Hepimizin gün içinde belki de defalarca kullandığı ya da dinlediği bir kavram stres. Stresle baş etme ile ilgili bir sürü bilgiyle karşılaşıyor ya da araştırıyoruz. Birçok sorunumuzu stresle açıklıyor ve kimi zaman da stres kaynaklarımızın üzerinde durmuyor, geçiştiriyoruz. Peki nedir bu stres? Stres bizi nasıl etkiler?
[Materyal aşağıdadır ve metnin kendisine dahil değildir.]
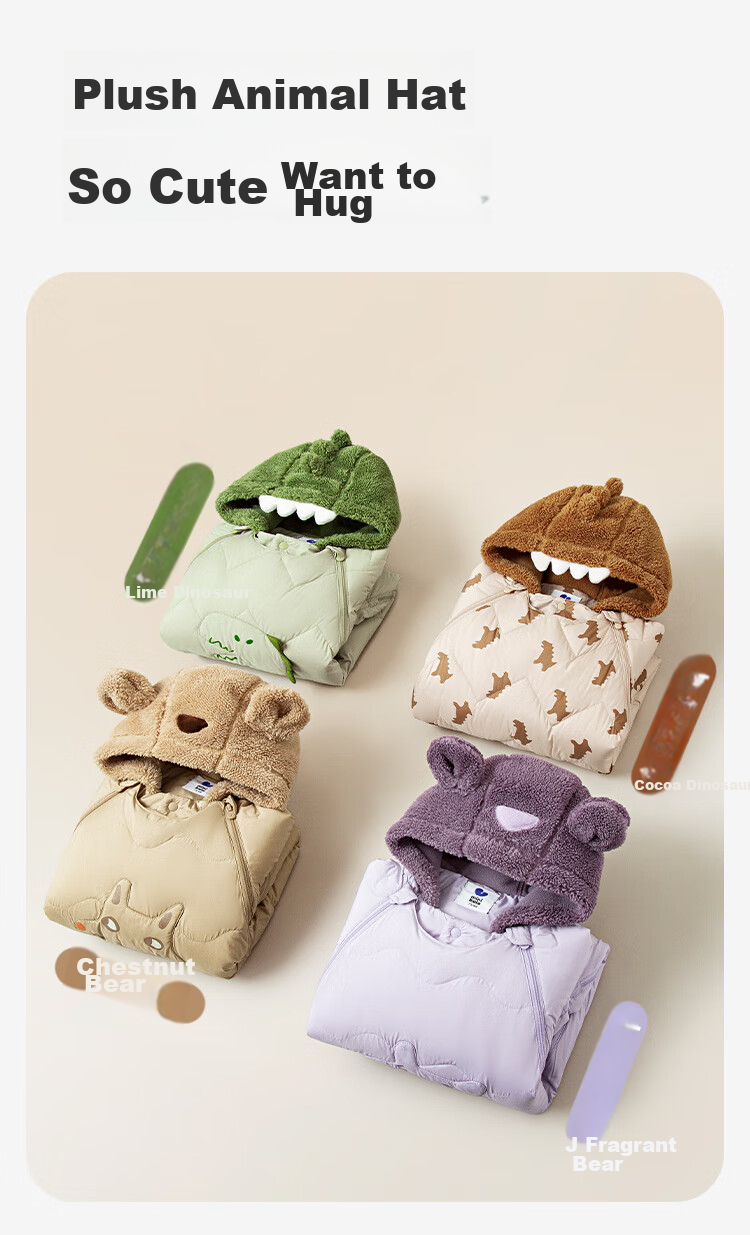 Minibala Bala Unisex Kids Baby Winter Thickened Three-Proof Cute Animal Plush Hooded Down Jumpsuit 9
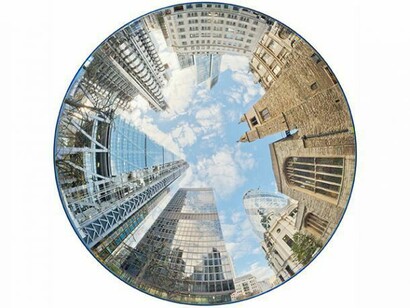 Peter Newman, London St. Mary’s Axe, 2013, C-print, mounted in wooden frame, 48 in / 122 cm diameter, Edition of 5 plus 1 artist proof, courtesy of Eleven, London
Stres, organizmanın içeriden ya da dışarıdan gelen tehditlere karşı vücut tarafından oluşturulan duygusal, fiziksel ve zihinsel bir tepkidir. Yoğun stres altında vücudumuz savaş-kaç yanıtını oluşturur. Bunun için ise bedenin enerji kaynaklarını harekete geçirmeye yardımcı olur ve stres durumunda sempatik sinir sistemi devreye girer. Sempatik sinir sistemi devreye girdiğinde bedeni savaş-kaç yanıtına hazırlar.
- Tehlike anında daha iyi görebilmek için göz bebekleri büyür.
- Oksijenin hızlı dağıtımı için kalp hızı artar ve oksijenin daha sağlıklı bir şekilde dağılabilmesi için solunum yolu kasları gevşer.
- Vücuda enerji sağlayabilmek için glikoz üretimi artarak kan şekeri yükselir.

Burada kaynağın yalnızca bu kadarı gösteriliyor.